宮廷蕭寂, 桓秋寧拉著照山白的衣角,晃悠悠地走在寂靜的宮道上。

起初,照山白很想與桓秋寧保持距離, 畢竟宮裏人多眼雜,他不想讓旁人議論。然而, 無論他是好言相勸還是冷臉無視, 桓秋寧非要與他走在一起,還一定要抓著他的衣袖。

簡直是無理取鬧!

“大半夜的誰在罵我!”

桓秋寧打了噴嚏,轉頭看著照山白, 歪頭問道:“你是不是在心裏偷偷地罵我了?照山白,你看看, 這周圍連個活人都沒有, 要不是我陪著你, 你一個人敢去那種地方麽?”

照山白趁機抽回了袖子, 淡定道:“我可以明日再去。”

桓秋寧擡手蹭了蹭鼻尖,打趣兒道:“明日覆明日,你要等到什麽時候。查案這種事情,就是要神不知鬼不覺的去查, 要搶占先機, 你懂不懂。”

他這語氣,像是在哄小孩。

“查案,其實也可以光明正大地查。”照山白加快了步子,把桓秋寧甩在了身後。

桓秋寧撒腿就跑,他身輕如燕,三兩步便追上了。

他勾著照山白的後背,道:“別走那麽快啊,我聽說這詠梅苑可是個邪乎的地方, 你想想,但凡是有關荼修宜的傳聞,大多血腥又怪異,要麽出人命要麽就是鬧鬼,你一個人不行吧,我來幫你啊。”
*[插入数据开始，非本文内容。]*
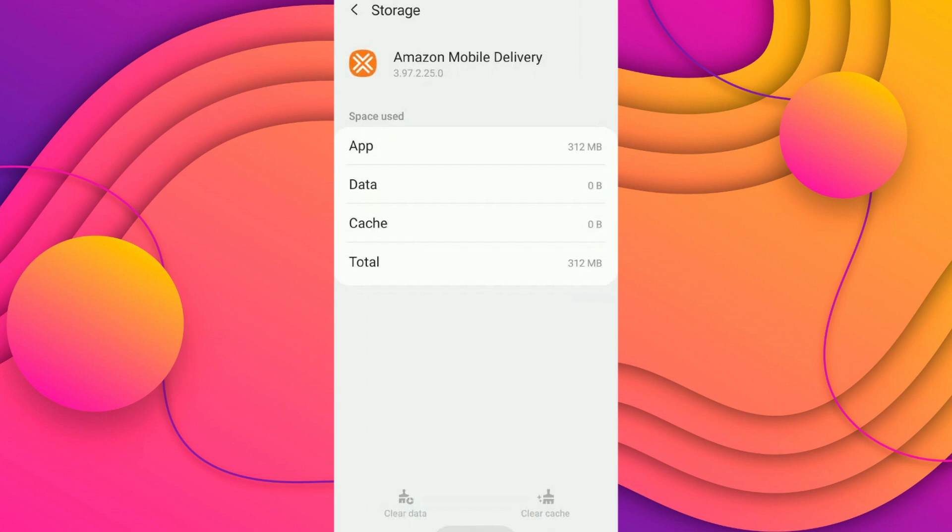Now open the Amazon Flex app again and see if it works.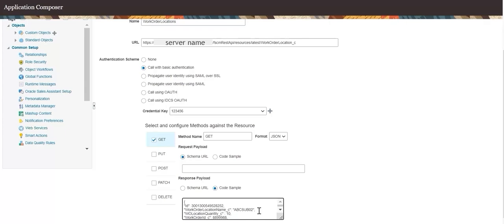The response attributes listed here are the custom fields created for Work Order Location, such as work order location name and quantity, and work order ID and number. The response attributes also include standard fields created by default in the custom object, such as record ID and name, and who columns such as created by, creation date, and last updated by columns.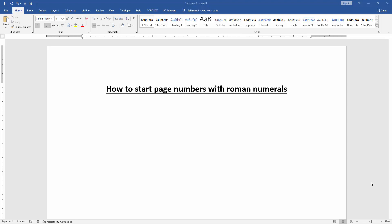Hello friends, welcome back to another video. In this video, I am going to show you how to start page numbers with roman numerals. Let's get started. At first, we have to open a Word document. Now we want to start page number with roman numerals.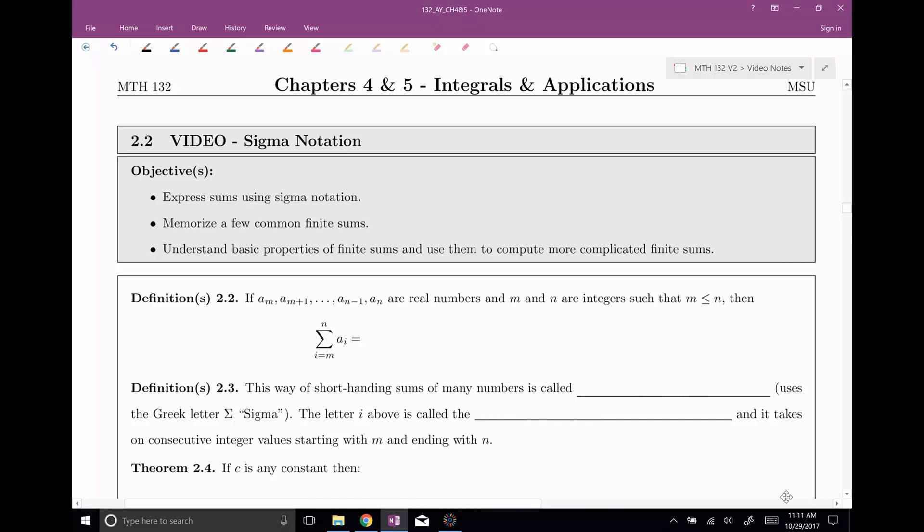Welcome back everyone to section number two. Here we're talking about sigma notation. Last time I told you we want to be able to add together lots and lots of numbers, and that's what sigma notation is going to do for us.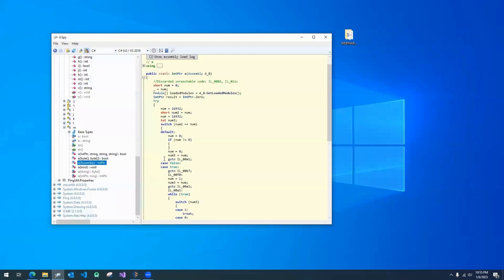After building with .obfuscator, our app will be obfuscated and hardened against reverse engineering, tampering, and unauthorized debugging. Use Preemptive's .obfuscator to help secure your apps today.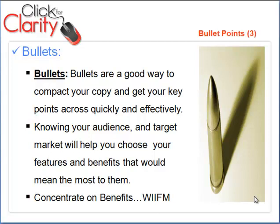Bullets are a good way to compact your thoughts or your sentences and express them succinctly so you can get all your pertinent information on the Squeeze Page before the fold, because people don't like to scroll down.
“豪言壯志”剛說出不久,桓秋寧看著詠梅苑爬滿蛛絲的牌匾,渾身一顫,嚇出了一身冷汗。也不是害怕,誰讓這個地方是在是太詭異了!

桓秋寧“嘖嘖”道:“太陰森了!這種地方真的住過人嗎?照山白,我覺得你挺有先見之明的,‘明日再來’果真是個不錯的打算。”

照山白平靜道:“你要是害怕,就在此處等我。當然,不等也可以。”

“謔,我偏要進去,偏要走在你前邊!”桓秋寧一腳踹開了詠梅苑的大門,他半睜著眼,沒瞧見什麽駭人的東西,於是回過頭笑嘻嘻道:“傳言都是騙人的,看吧,這就是個空宅子!”
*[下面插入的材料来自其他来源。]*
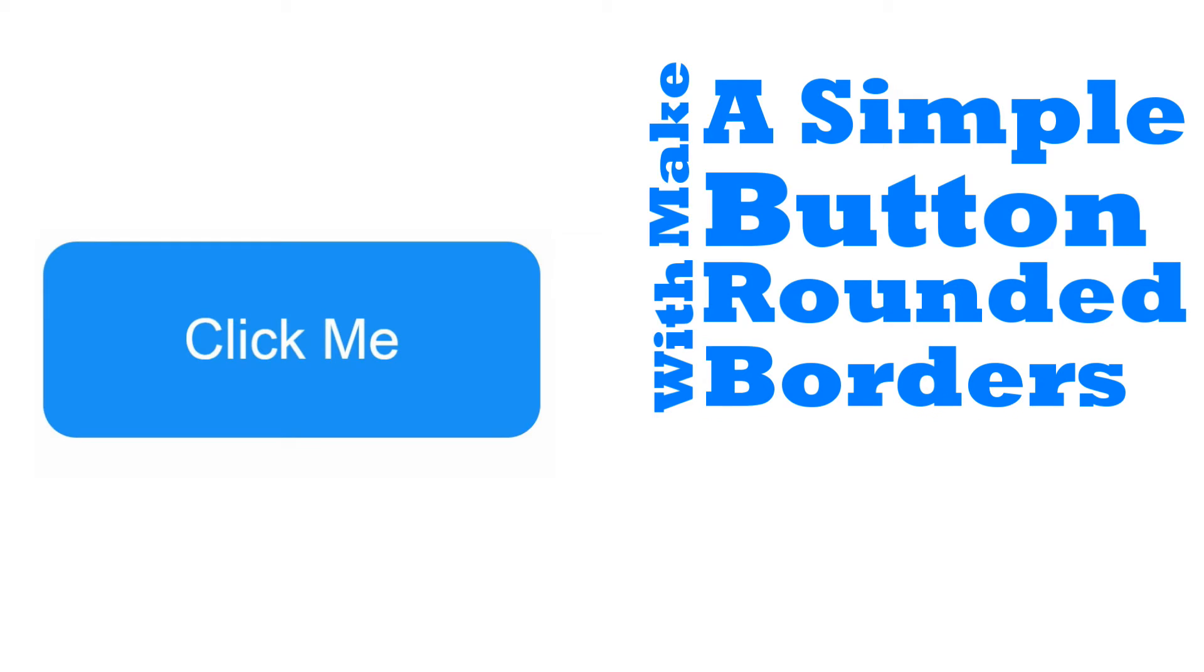So now, let's get started. Step 1: Make a simple button with rounded borders. It's really important to have rounded borders, otherwise you won't get that effect.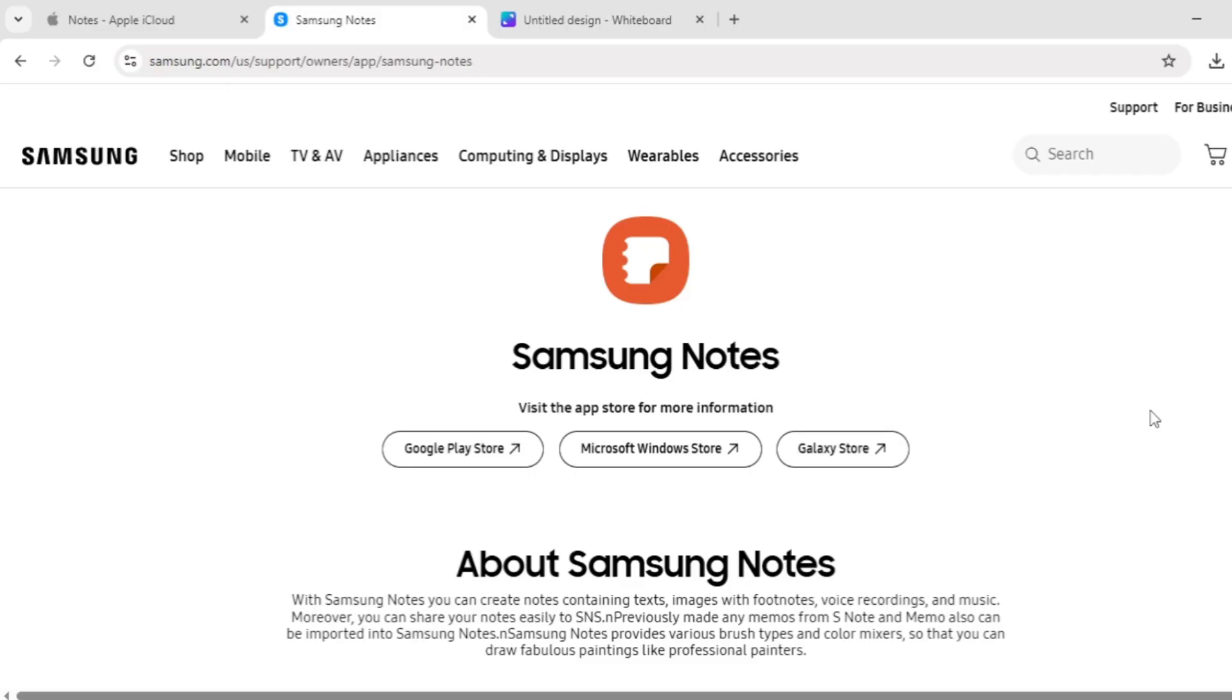Collaboration features let you share notes for real-time editing, but the catch is it's mainly for Samsung devices. There's no web version for broader access.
照山白的表情不太對勁,他伸手指了指桓秋寧的身後,道:“別回頭,他在看你。”

“我剛才看了,什麽都沒有。這種騙小孩的把戲,我三歲就不玩了!”桓秋寧才不信呢,他叉著腰,自信的轉頭。然後,笑容僵在了臉上。

一顆頭顱正“微笑”著註視著他!

“啊啊啊啊啊啊——”桓秋寧像只野兔子,他猛撲到照山白的懷裏,吱吱歪歪地大喊大叫,“鬧鬼啦!有怨有恨你沖照山白來,他是個白白凈凈的好公子,肯定比我香!要吃你先吃他!”

“哢嚓”。

骷顱掉在了地上,摔碎了。

桓秋寧:“……”

他很快意識到,這個骷顱原本是掛在門後的藤條上的,他剛才一踹,把它給震下來了。

好丟人。桓秋寧揉了揉臉,悶聲走進了詠梅苑。

他察覺到,一種淡淡的花香蓋過了腐屍的惡臭味。

這種香味他覺得似曾相識,從照府的密道裏,到九華宮的寢殿裏,再到詠梅苑,這種香味一直似有似無的存在著,就像在跟蹤他!
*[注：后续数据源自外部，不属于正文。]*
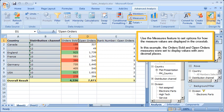Use the Measures feature to set options for how the measure values are displayed in the cross-tab. In this example, the Orders Sold and Open Orders measures were set to display values with zero decimal places.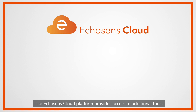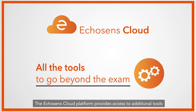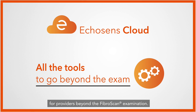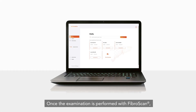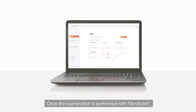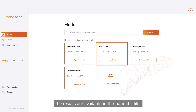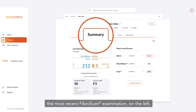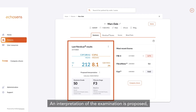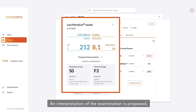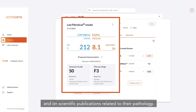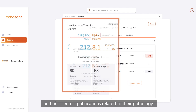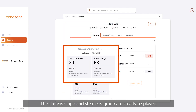The Echosense cloud platform provides access to additional tools for providers beyond the FibroScan examination. Once the examination is performed, the results are available in the patient's file. The summary tab displays the results of the most recent FibroScan examination. An interpretation is proposed based on the indication known for the patient and scientific publications related to their pathology. The fibrosis stage and steatosis grade are clearly displayed.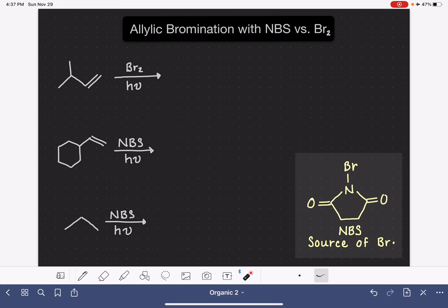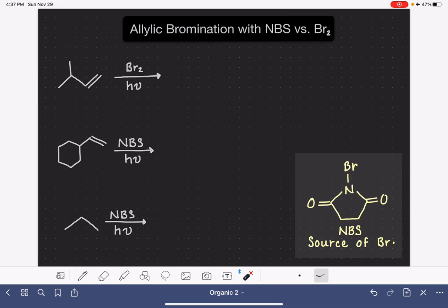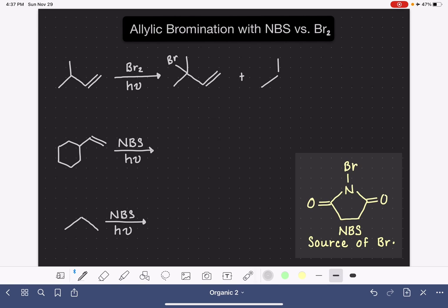Whenever you're doing a free radical bromination on a molecule that is an alkene, such as this molecule right here, there's always a possibility that the bromine molecule will react with and add to the alkene instead of doing the radical reaction that you're hoping for. So in this situation, there's a possibility that not only will we make the expected free radical bromination product, there's also a possibility that some of those bromine molecules will simply add to the alkene in a regular alkene addition reaction.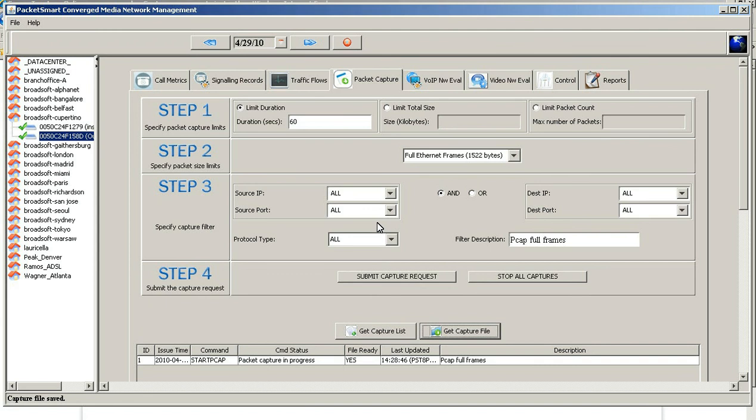Once that file is there, you can literally go to either Ethereal or Wireshark to open it and look at the packets. And that's all it is to doing a packet capture — it's that simple. Thank you.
照山白蹲在院中,俯身看著地上的一種植物,心中陡起疑雲。

這種植物相當特殊,它開花且有香有色,它開的花是黑色的,花香攝人心魂,顯然不是宮殿裏會種植的花草。

桓秋寧從懷中掏出了一把匕首,他辣手摧花,挑了一朵,道:“好稀奇,居然是黑色的花!不過,我怎麽看著有點眼熟呢?你說,它像不像九華宮裏那朵白色的荼靡。”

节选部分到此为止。